__EXERCISE DIRECTIONS__. In the records below, repeat exactly the lines between the line holding "This is a Permobil" and the line holding "All right ladies", inclusive, and drop the pictures.

__RECORDS FOR THIS EXERCISE__.
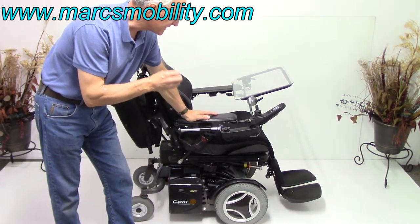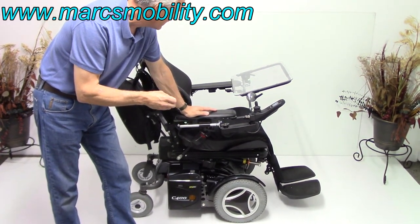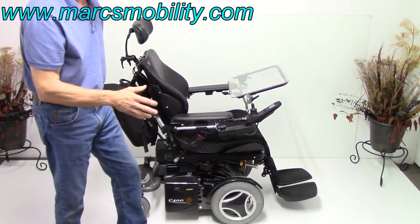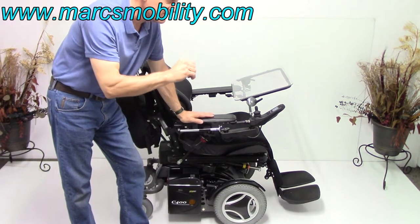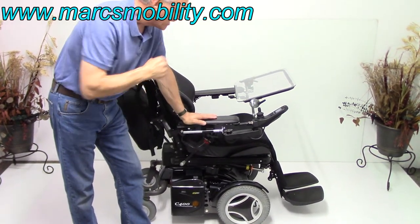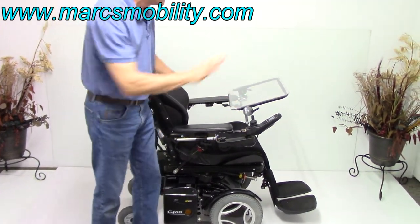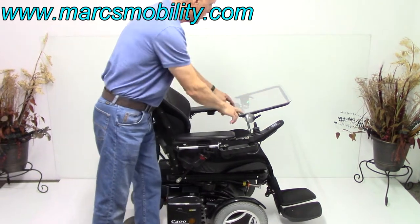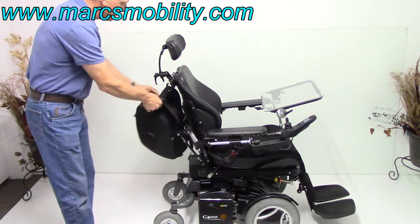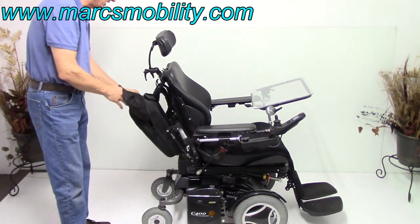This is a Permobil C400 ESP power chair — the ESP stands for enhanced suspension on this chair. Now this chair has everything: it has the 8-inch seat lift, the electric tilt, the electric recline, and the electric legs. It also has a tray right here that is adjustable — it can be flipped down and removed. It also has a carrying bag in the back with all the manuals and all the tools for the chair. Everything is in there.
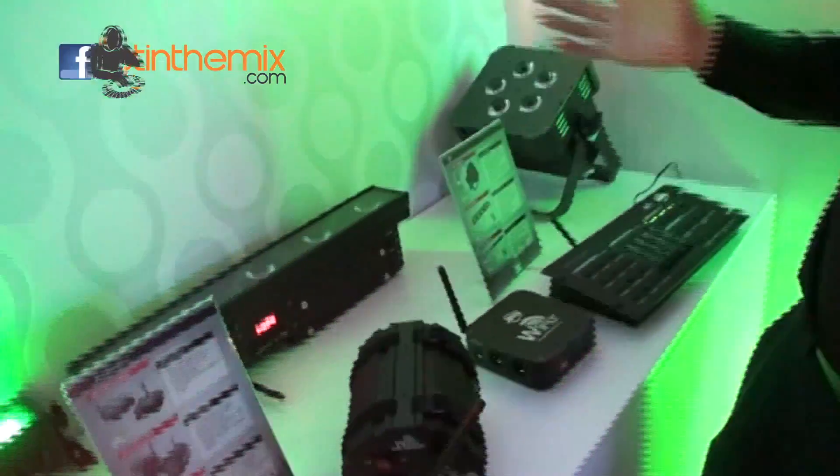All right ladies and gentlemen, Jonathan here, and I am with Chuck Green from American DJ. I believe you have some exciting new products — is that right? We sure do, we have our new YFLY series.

==

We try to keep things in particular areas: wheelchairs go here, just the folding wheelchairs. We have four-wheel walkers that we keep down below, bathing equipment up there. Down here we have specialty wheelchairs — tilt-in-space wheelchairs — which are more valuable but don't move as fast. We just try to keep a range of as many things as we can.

__PROBLEM SOLUTION__.
This is a Permobil C400 ESP power chair — the ESP stands for enhanced suspension on this chair. Now this chair has everything: it has the 8-inch seat lift, the electric tilt, the electric recline, and the electric legs. It also has a tray right here that is adjustable — it can be flipped down and removed. It also has a carrying bag in the back with all the manuals and all the tools for the chair. Everything is in there.
All right ladies and gentlemen, Jonathan here, and I am with Chuck Green from American DJ. I believe you have some exciting new products — is that right? We sure do, we have our new YFLY series.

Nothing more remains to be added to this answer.